▶ REQUIREMENT
When you retype the data, keep every word exactly and include none of the pictures.

▶ DATA RECORDS
================================

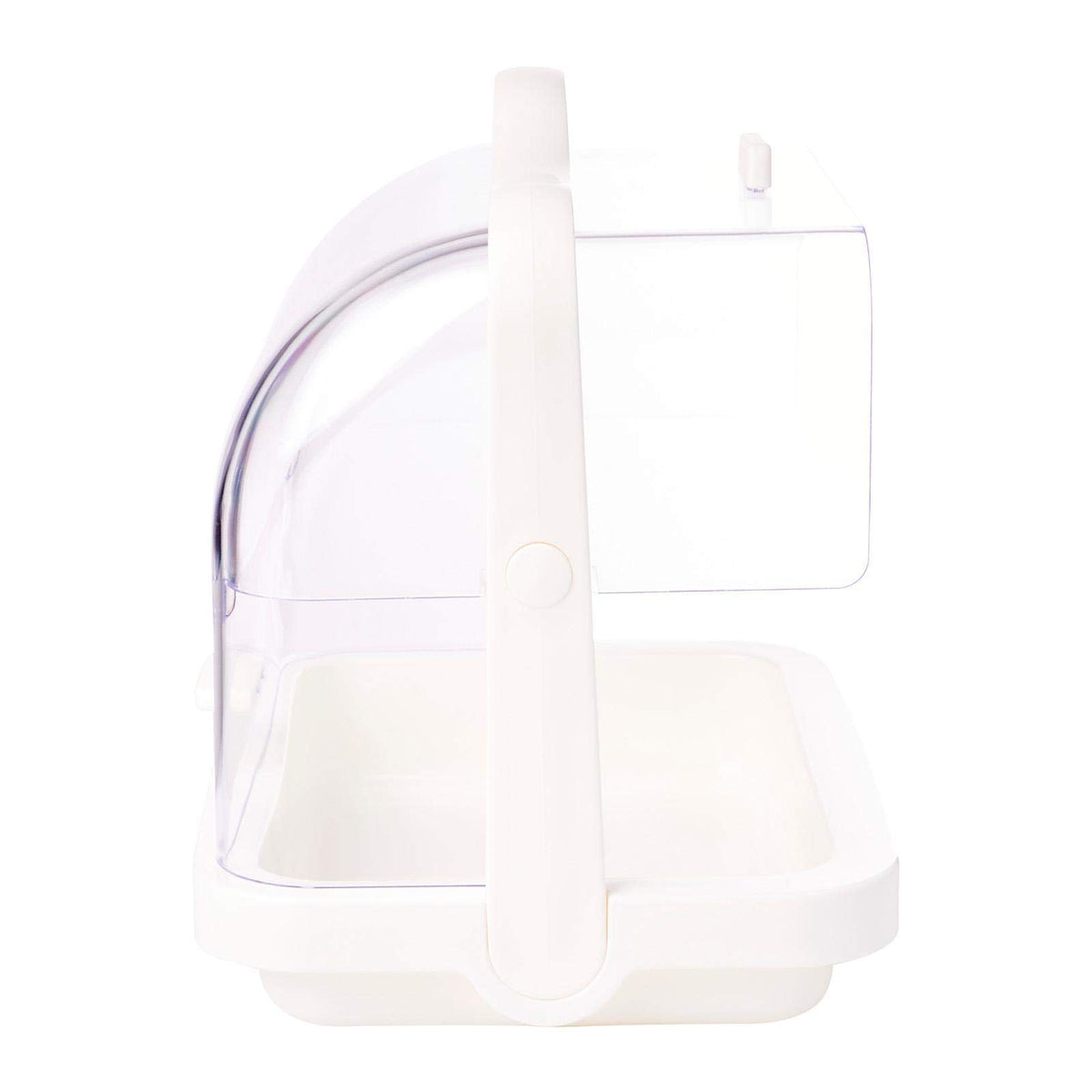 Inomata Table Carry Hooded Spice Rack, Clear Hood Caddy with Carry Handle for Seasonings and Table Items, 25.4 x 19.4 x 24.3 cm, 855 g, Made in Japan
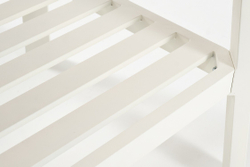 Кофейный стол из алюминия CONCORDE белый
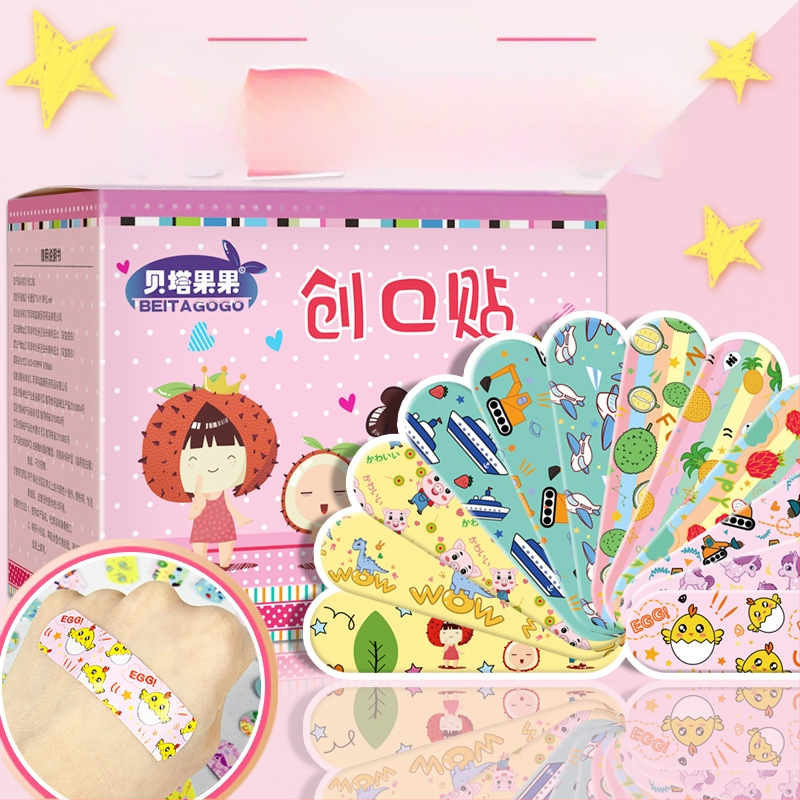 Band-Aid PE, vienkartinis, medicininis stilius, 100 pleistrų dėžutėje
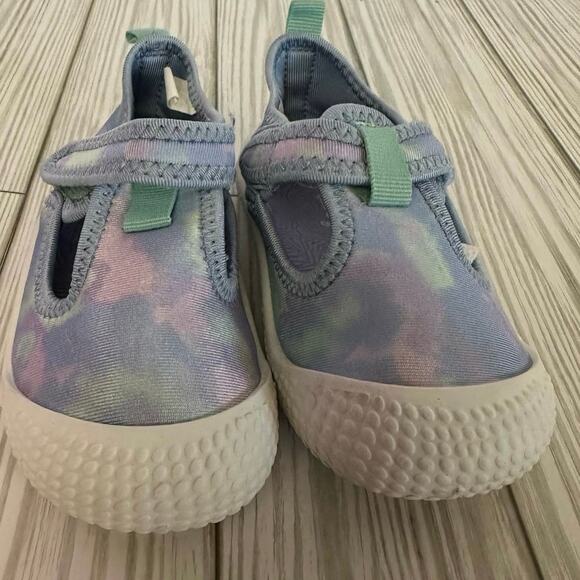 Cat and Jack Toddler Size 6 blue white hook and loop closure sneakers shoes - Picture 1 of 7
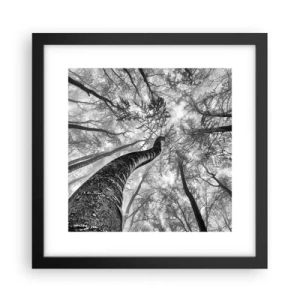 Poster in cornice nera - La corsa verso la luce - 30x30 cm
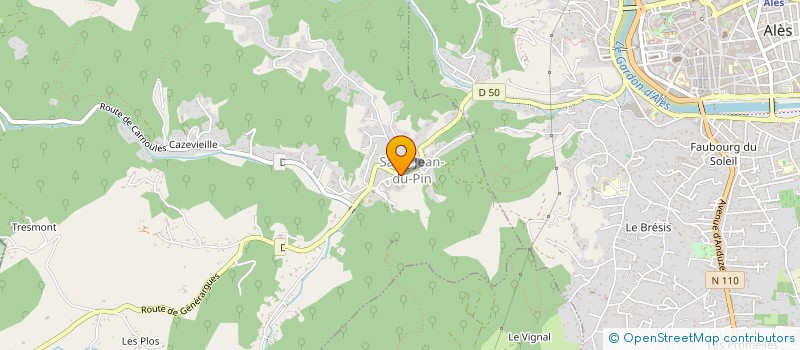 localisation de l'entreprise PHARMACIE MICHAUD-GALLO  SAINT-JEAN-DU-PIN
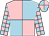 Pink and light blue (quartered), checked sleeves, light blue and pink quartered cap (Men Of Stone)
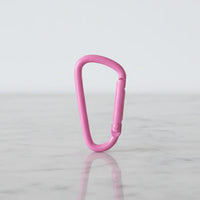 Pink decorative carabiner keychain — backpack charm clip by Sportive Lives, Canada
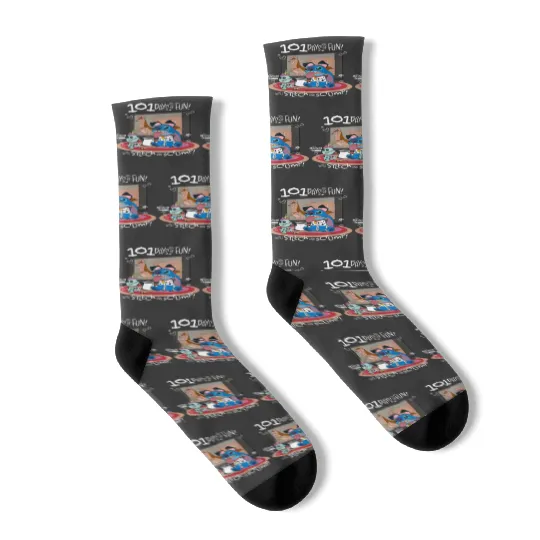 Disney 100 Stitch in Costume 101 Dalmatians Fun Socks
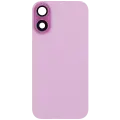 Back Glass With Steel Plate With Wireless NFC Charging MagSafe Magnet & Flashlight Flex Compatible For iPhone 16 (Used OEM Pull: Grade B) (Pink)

================================

▶ EXPECTED OUTPUT
 Inomata Table Carry Hooded Spice Rack, Clear Hood Caddy with Carry Handle for Seasonings and Table Items, 25.4 x 19.4 x 24.3 cm, 855 g, Made in Japan
 Кофейный стол из алюминия CONCORDE белый
 Band-Aid PE, vienkartinis, medicininis stilius, 100 pleistrų dėžutėje
 Cat and Jack Toddler Size 6 blue white hook and loop closure sneakers shoes - Picture 1 of 7
 Poster in cornice nera - La corsa verso la luce - 30x30 cm
 localisation de l'entreprise PHARMACIE MICHAUD-GALLO  SAINT-JEAN-DU-PIN
 Pink and light blue (quartered), checked sleeves, light blue and pink quartered cap (Men Of Stone)
 Pink decorative carabiner keychain — backpack charm clip by Sportive Lives, Canada
 Disney 100 Stitch in Costume 101 Dalmatians Fun Socks
 Back Glass With Steel Plate With Wireless NFC Charging MagSafe Magnet & Flashlight Flex Compatible For iPhone 16 (Used OEM Pull: Grade B) (Pink)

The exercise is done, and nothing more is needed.